With a four-decade track record of promoting and supporting social entrepreneurship, both for-profit and non-profit organizations can learn a lot from the ventures that the non-profit organization Ashoka has cherished.
Konstanze Frischen and Michael Zakaras
With that in mind, Konstanze Frischen and Michael Zakaras, leaders of Ashoka North America, are about to America’s Path Forward, with lessons from 22 Ashoka social entrepreneurs. Both are co-editors of the book, which is published by Georgetown University Press. “It’s not like the whole country is polarized and dysfunctional,” says Frischen. “There are things happening outside of the ideology that work, with really sustainable impact and these stories aren’t being told enough.”
They recently discussed some of the most important lessons from the book.
You talk about the importance of using empathy to shape social entrepreneurial ventures. Why is that so crucial?
Michael Zakaras: People often think that Ashoka entrepreneurs, or peers, have been so successful because of the business plan or an innate talent. But it is that they have the ability to deeply understand a problem, often from people who have lived with that problem themselves. When you really understand who your customers are and what they struggle with, you build a smarter solution.
Constance Frischen: It’s a different view of how development works. Often large development projects that are implemented from the top down don’t work. They don’t match what people think is necessary on the ground.
Zakaras: Real change won’t happen if we just focus on treating symptoms. One of the four criteria for us to select Ashoka Fellows is whether they have a system-changing approach.
Can you tell us more about that approach?
Zakaras: It means that social entrepreneurs are less focused on ‘serving people’ than on changing circumstances.
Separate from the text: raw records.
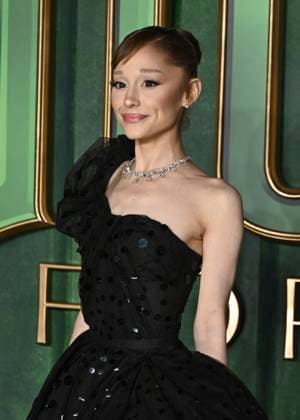 Ariana Grande attends Wicked: For Good European Premiere at Cineworld Leicester Square in London, England. UK. Monday 10th November 2025 Copyright: xJamesxWarrenx adzj8045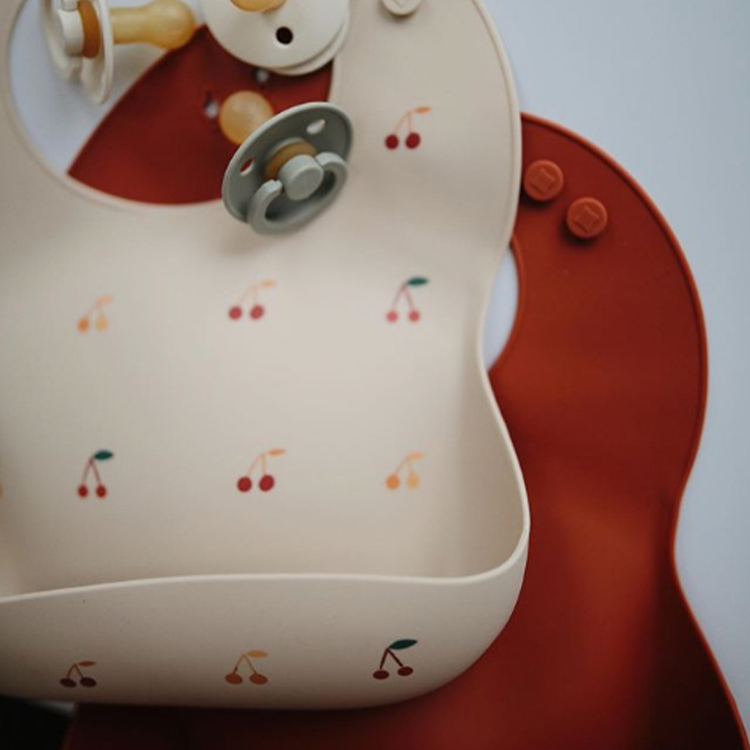 MUSHIE - 立體矽膠圍兜（Cherries）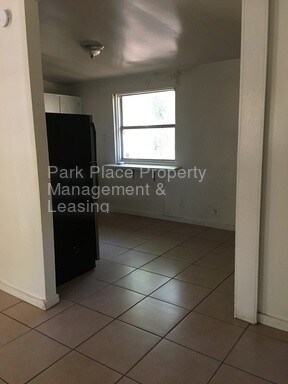 Building Photo - 1710 Eisenhower St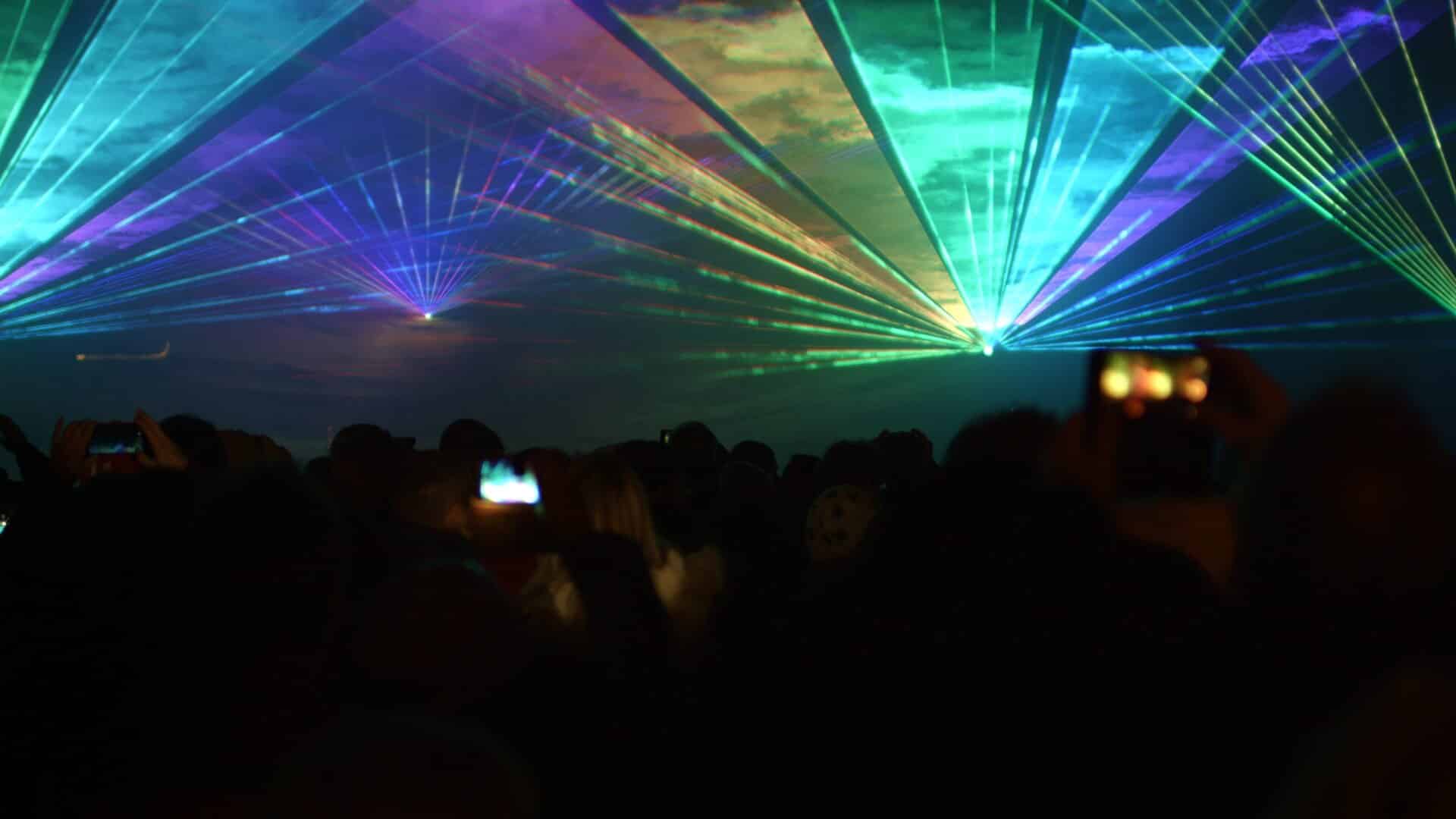 Lasershow an Silvester in Verl: Beamshow 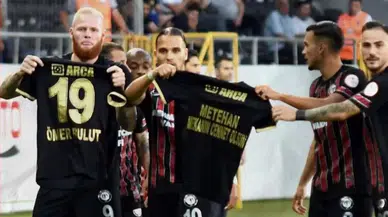 Gol Sevincinde İki İsmi Andılar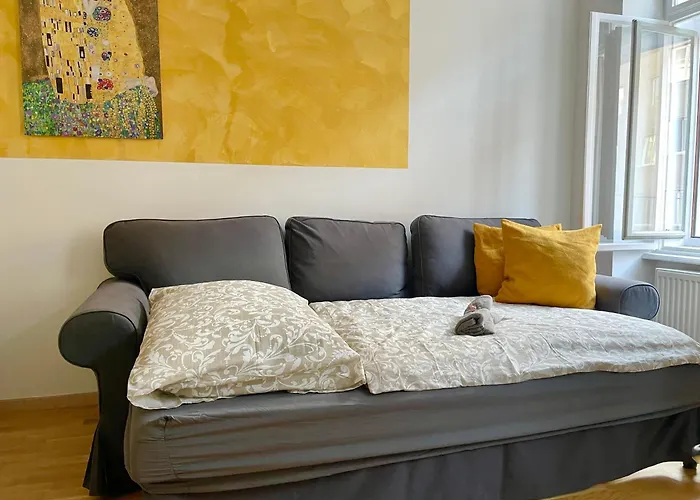 דירה 3 Bedroom Long-term With Free Parking *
They do it through policy change, by creating new markets, by seeding the work elsewhere. We look at what we call independent replication: how many people take what I do and copy it elsewhere.
Frischen: Our fellows work on changing roles, changing structures, changing mindsets.
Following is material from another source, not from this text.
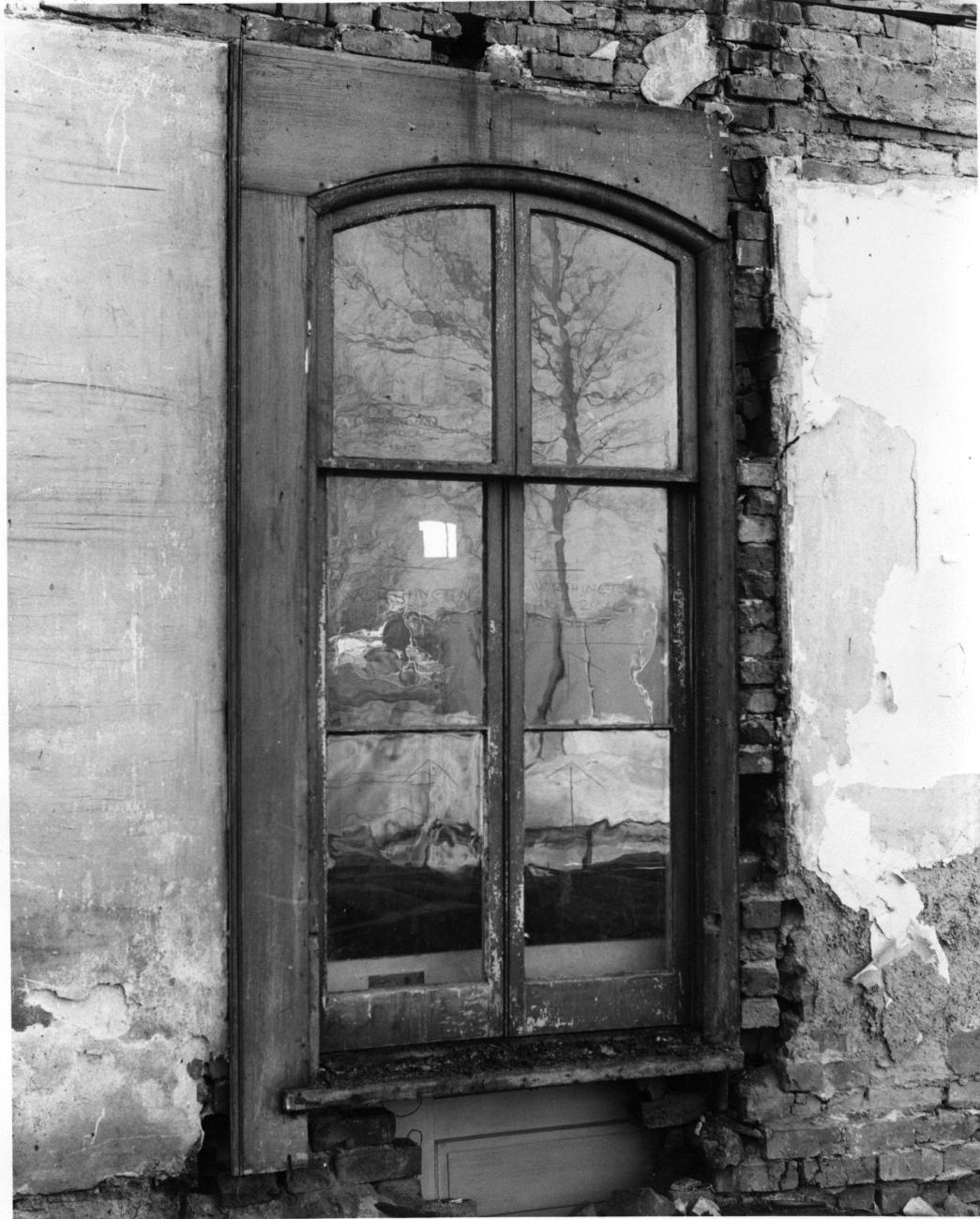 Door Window of the Griswold Inn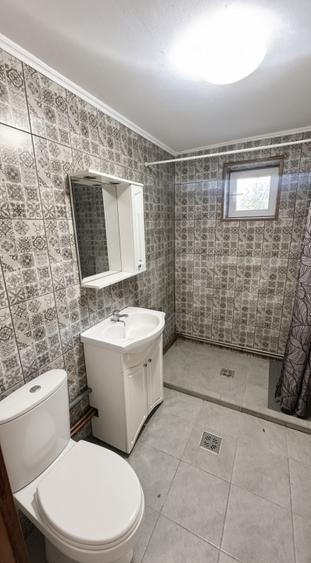 Casă individuală cu 4 camere cu Canalizare în Aurel Vlaicu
Zakaras: Changing mindsets and culture takes real patience. What matters is what you do to introduce a new normal to the world. Are you focused on the underlying causes? Or are you focused on treating symptoms of much deeper issues?
Frischen: It may be in an area where markets have failed. But social entrepreneurs see ways to tap into the resources of the people who live there and create systemic incentives to build something new that works.
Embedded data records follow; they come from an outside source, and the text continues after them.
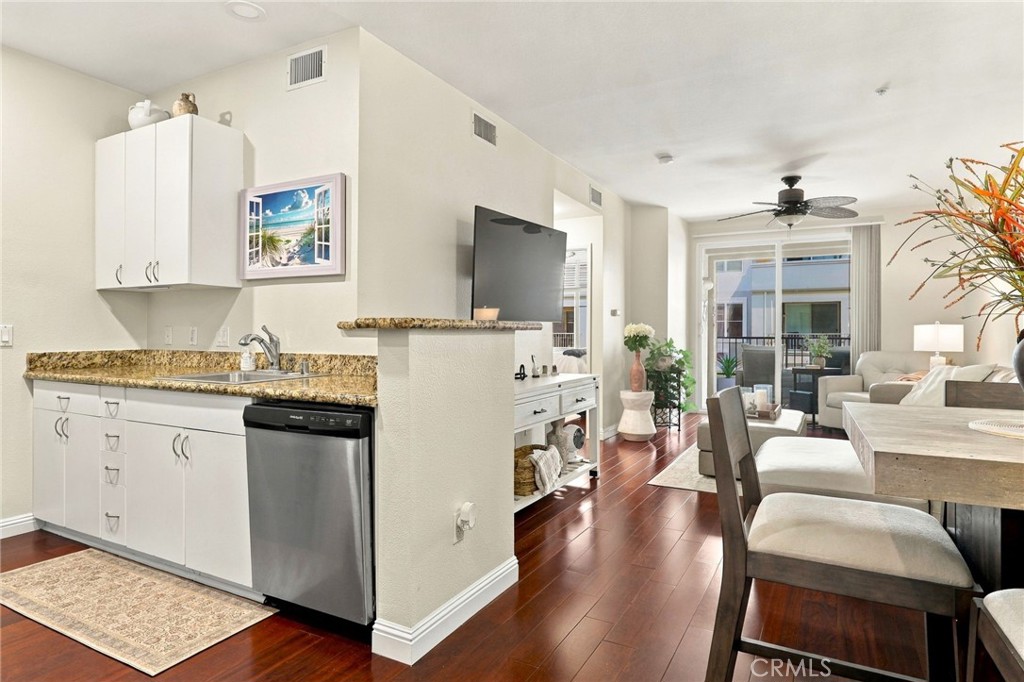 1801 E Katella Avenue 2029, Anaheim CA 92805 - photo 3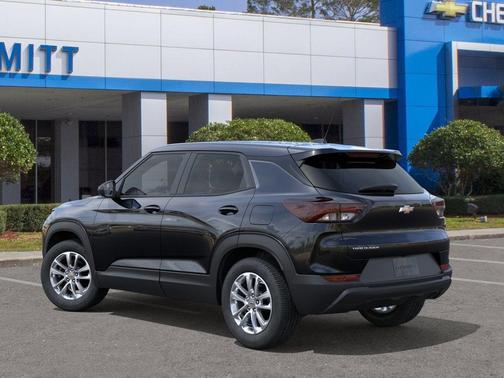 Mosaic Black Metallic 2026 Chevrolet Trailblazer LS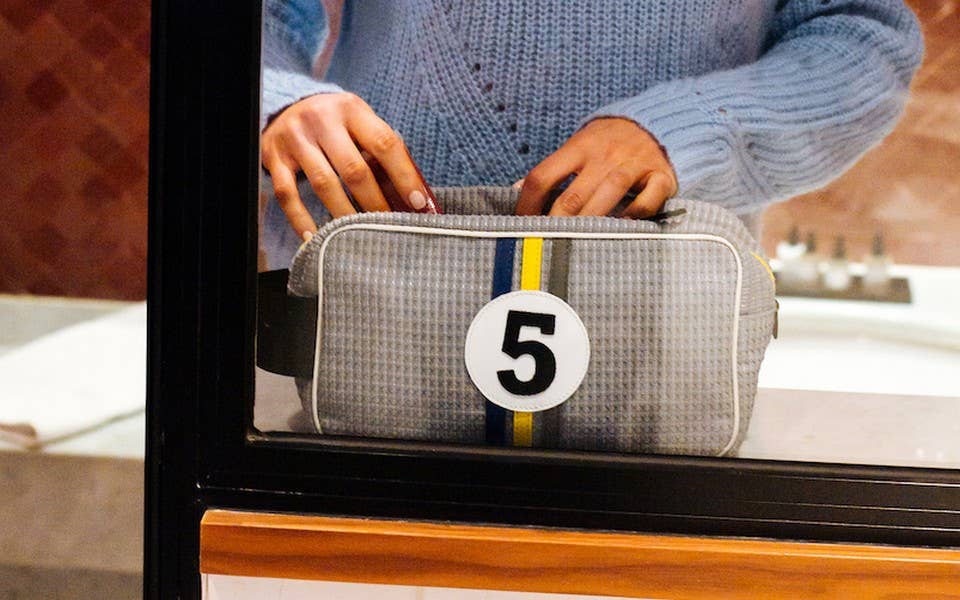 5 Eco responsible toiletry bag for man in light grey canvas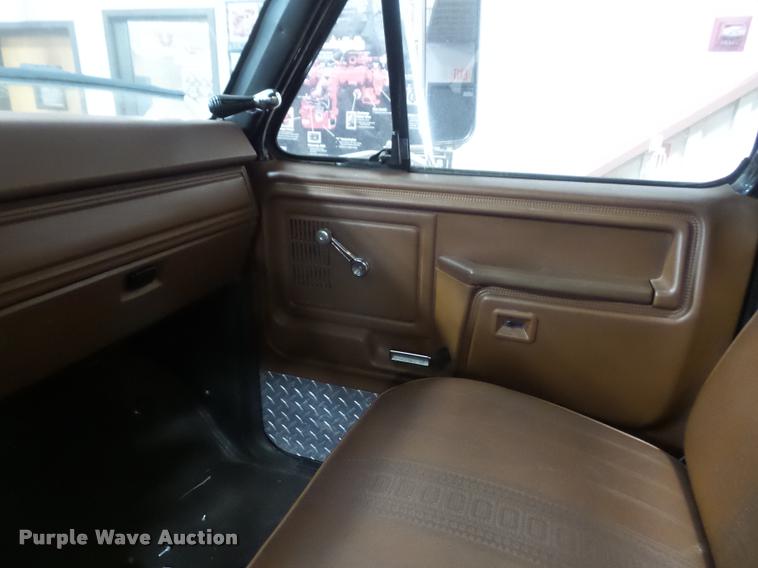 image for item DB2855 1981 Ford F700 fire truck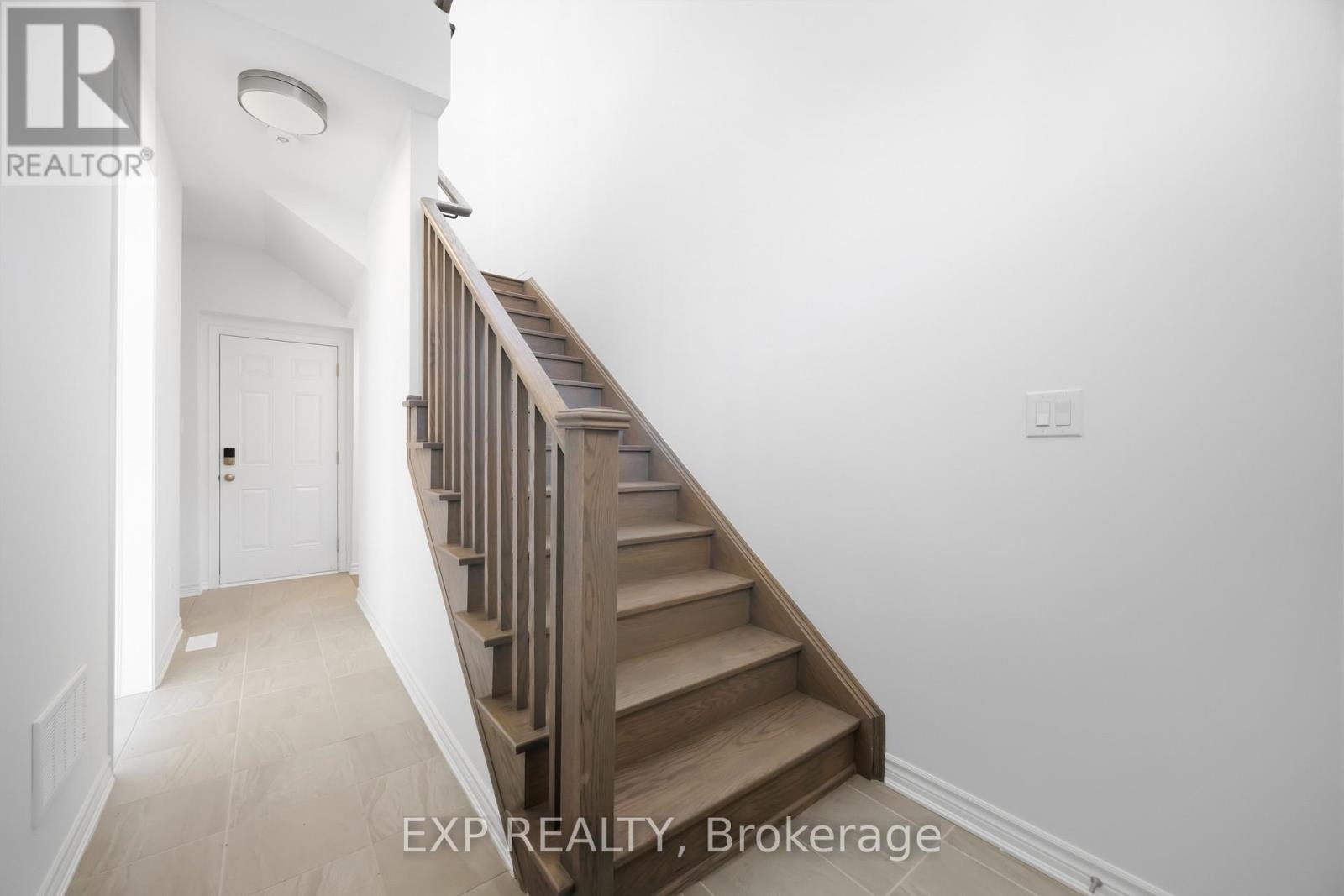 88 Avani Avenue, Markham, Ontario  L6C 3S6 - Photo 4 - N13103398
One social entrepreneur that seemed to stand out is Brandon Dennison and Coalfield Development in Appalachia. Can you talk a little bit about his approach to seeding businesses?
Zakaras: Brandon’s role Coalfield development is almost like an orchestra conductor as opposed to an engineer of a particular thing. He started with the idea that workforce development in Appalachia doesn’t work. We train people, but there are no jobs. He has a model of 33 hours of paid work, six hours of study, and three hours of professional and personal development, while also incubating local-level businesses, often green ventures. The goal is to create a forward-looking 21st century economy.
Through his new coalition, which just got a huge infusion of federal dollars, he’s working with mayors, social enterprises, corporations, universities, non-profits and saying, how can we reinvent the economy in Appalachia? It’s not about how we launch one solar venture — although they launch many social ventures, including solar ventures, because that’s the opportunity. He says we have the people, minds and infrastructure to pump massive amounts of power out of West Virginia. But this requires collaboration, working on staff development in a different way, helping social enterprises start and succeed.
Frischen: He builds an ecosystem. You don’t do it in isolation. You do that as a municipality.
It’s an example of starting bottom-up, listening to people. He has vocational training. But it’s also about tapping people to the ground in a community-owned way with their ideas of what should be built.
In addition to training, you need smaller seed grants that these companies can use to start. That’s a way to rebuild the infrastructure at a fraction of the cost that a top-down approach would require. There have been so many attempts from above to develop this region and it never works.
Zakaras: To create the right kinds of for-profit economic activities that allow many more people to thrive, there is a critical role for non-profit or community organizations that lay the groundwork for this economic impact.